Materials and Methods
Plant materials
Two RIL populations derived from the cross ‘SunOleic 97R’ × ‘NC94022’ (referred as S-population and the cross ‘Tifrunner’ × ‘GT-C20’ (referred as T-population) with 352 and 248 individuals, respectively, were used in this study [24, 35]. The ‘SunOleic 97R’ is a high oleic runner market-type peanut with two recessive mutant genes of FAD2A and FAD2B from the original high oleic line F435 [36] while ‘NC94022’ is a breeding selection from Virginia type and hirsuta with wild type FAD2 alleles. The ‘Tifrunner’ is a runner market-type cultivar with only one mutant allele FAD2A [37], while ‘GT-C20’, a Spanish-type breeding line, has wild type FAD2 alleles.
Phenotyping of mapping populations by chemical analysis
The complete sets of the S- and T-population along with parental lines were grown in three replications in the field in 2010 and 2011 at the Bellflower Farm, Tifton, Georgia, USA.

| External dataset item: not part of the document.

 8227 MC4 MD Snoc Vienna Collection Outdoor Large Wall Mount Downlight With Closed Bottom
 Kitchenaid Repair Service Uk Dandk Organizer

The harvested pods from all the three replications were dried, packed and sent for the determination of fatty acid profiles to Plant Genetic Resources Conservation Unit, USDA-ARS, Griffin, USA. An Agilent 7890A (Agilent Technologies, Santa Clara, California, USA) gas chromatograph with a flame ionization detector (FID) was used to determine the fatty acid composition. Oil was extracted from ~150 mg of finely grounded peanut seed tissue in 5.0 ml of n-heptane (Fisher Scientific). Then it was trans-esterified to fatty acids methyl esters (FAME) with 500 μl of 0.5 N sodium methoxide (NaOCH3). After 120 minutes, organic layer was separated from the aqueous layer and seed residue by adding 7.0 ml of distilled water. The organic layer contains methyl esters; 1.5 ml of the aliquot was transferred to autosampler for gas chromatography (GC) analysis. Peak separation was done on a DB-225 capillary column (5 m × 0.25 mm id with a 0.25 μm film) from Agilent Technologies, Santa Clara, California, USA. At a split ration of 60:1, 1 μl of the sample was injected onto the column maintained isothermally at 280°C. The temperature for inlet was same as that of column while that of detector was set to 300°C. Helium was used as a carrier gas and was set to a flow rate of ~1.0 ml/min (38 cm/sec). A FAME standard mix RM-3 (Sigma-Aldrich, St. Louis, Missouri, USA) was used to establish peak retention times. Each sample took 12 mins for running. A total of six fatty acids palmitic acid (C16:0), stearic acid (C18:0), arachidic acid (C20:0), gadoleic acid (C20:1), behenic acid (C22:0), and lignoceric acid (C24:0) along with oleic acid (C18:1) and linoleic acid (C18:2) was measured in each peanut sample.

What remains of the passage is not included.